Mass. Senate Approves Budget Funding Embryonic Stem Cell Research

State   |   Steven Ertelt   |   Nov 7, 2003   |   9:00AM   |   WASHINGTON, DC

Mass. Senate Approves Budget Funding Embryonic Stem Cell Research

by Paul Nowak Staff Writer
November 7, 2003

Boston, MA ( — The Massachusetts state Senate approved an economic stimulus package that included a provision to allow researchers in the state to use human embryos, and possibly even create human clones. Despite an attempt to remove the provision, the Senate passed the entire package 37-3.

Pro-life groups are appalled that many Senators that called themselves pro-life approved the package. 

"This is a very sad day," said Daniel Avila, Associate Director of Policy & Research for the Massachusetts Catholic Conference. "Only two Senators had the courage to oppose the wholesale experimentation on and killing of innocent human life."

The bill was opposed by Senators Robert Hedlund (R-Weymouth) and Marian Walsh (D-Boston), who voted to delete the embryo research language. A third Senator, Dave Magnani (D-Framingham) voted no only because he wanted the language to more clearly state that destructive research on embryos was being authorized.

Sen. Walsh said that Massachusetts did not need to delve into such a controversial area, as the state is already "second to none" in biotechnology research and securing federal research money, without using "human life for research material.
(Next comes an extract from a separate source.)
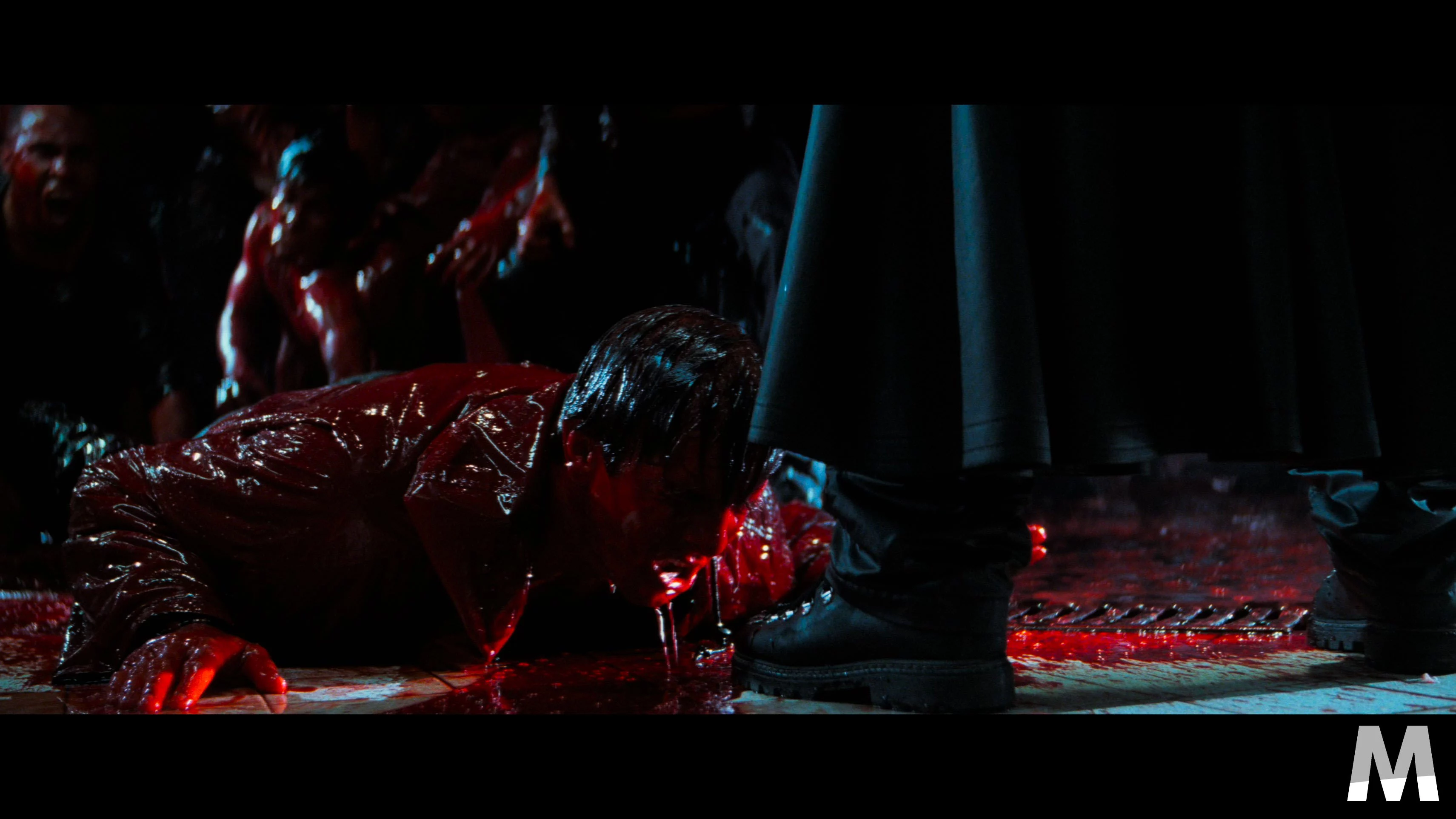 blade4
"There are great states like Pennsylvania and Michigan that ban the destruction of embryonic stem cells, and they’re thriving in biotech," said Sen. Walsh.

President Bush has prohibited the use of federal research money for destructive human embryo research, so the proposal would not aid Massachusetts in getting more federal assistance.

Sen. Hedlund also raised issues with the bill. He said that according to a memo from Rich Doerflinger of the U.S. Conference of Catholic Bishops, "This is the most disturbing and incoherent bill he has ever seen. We would become a laughingstock if we pass this mess."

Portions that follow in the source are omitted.